Every child will have an AI tutor? Really? Maybe he means every child in Palo Alto. Hard to say. Or it could be every child with parents who believe in the promise of technology, even though the promises are coming from The Valley’s high priests who stand to make billions more dollars.
Moving on, it’s nice to know that technological utopians value the arts, even when they don’t know where art comes from or how it is made. When it comes to his claim about improving warfare, I’m dumbfounded. I do like the idea of reducing death rates, it’s just that I believe the best way to do that is via a revolution in consciousness (that leads to the end of imperialism). For more on this topic, let’s indulge in a musical interlude.
“There was a time when false information wasn’t so rampant in the sphere. Do you remember?”
Do you ever wonder what’s up with the people funding and peddling tech as the answer to every problem? Do you wonder what drives them to do what they do and believe what they believe? In Financial Times, Anjana Ahuja writes:
People who are very rich or very clever, or both, sometimes believe weird things. Some of these beliefs are captured in the acronym Tescreal. The letters represent overlapping futuristic philosophies — bookended by transhumanism and longtermism — favoured by many of AI’s wealthiest and most prominent supporters.
According to People of Color in Tech, TESCREAL stands for Transhumanism, Extropianism, Singularitarianism, Cosmism, Rationalism, Effective Altruism, and Longtermism. “These overlapping emergent belief systems all trace their lineage back to the first-wave Anglo-American eugenics tradition, and underlying all is a kind of techno-utopianism and a sense that one is genuinely saving the world.”
As we learned earlier, Andreesen—who is one of the most successful men in venture capital—is all about saving the world. And he wants our cooperation. He says we owe it to our children and the future to embrace AI. In other words, it’s high time to mesh with the machines, to count on them for the most critical tasks, and to make way for the flood of advances that are sure to come our way, just as soon as we drop our suspicions and fears.

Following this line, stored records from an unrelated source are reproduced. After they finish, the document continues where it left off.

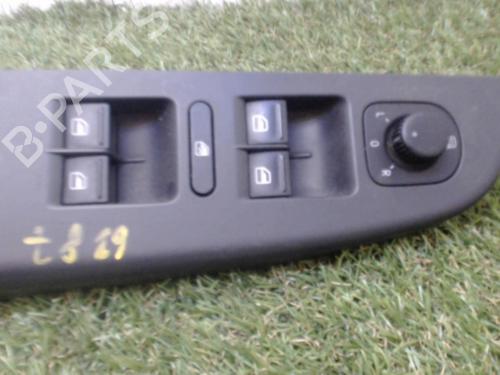 Switch VW GOLF V (1K1) 1.9 TDI | BP30054038I30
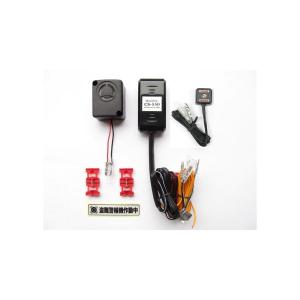 PROTEC（プロテック） LB7-B LEDヘッドライトバルブ PH7タイプ6000k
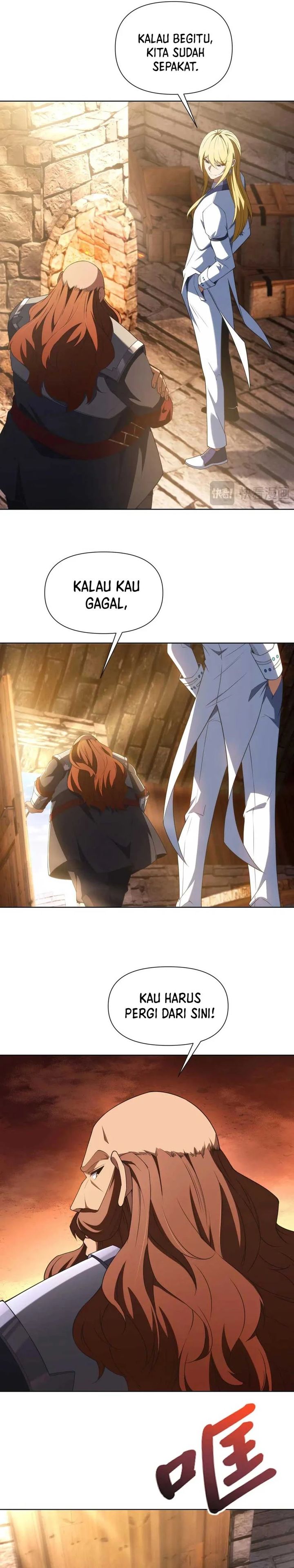 image-komik-i-build-an-industrial-empire-on-the-magic-continent-chapter-37-5/22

After all, what reasons do we have for doubting the men from Sand Hill Road? Haven’t they delivered us from the dusty old 20th century? So what if they also ushered in a new Gilded Age for themselves? That’s just the cost of progress in a corporate-led and tech-fed hegemony. Right? Nothing comes for free. So, let’s bow down and chain ourselves to the machine and convince ourselves it’s the right thing to do, not for our own glory or enrichment but for the good of the collective.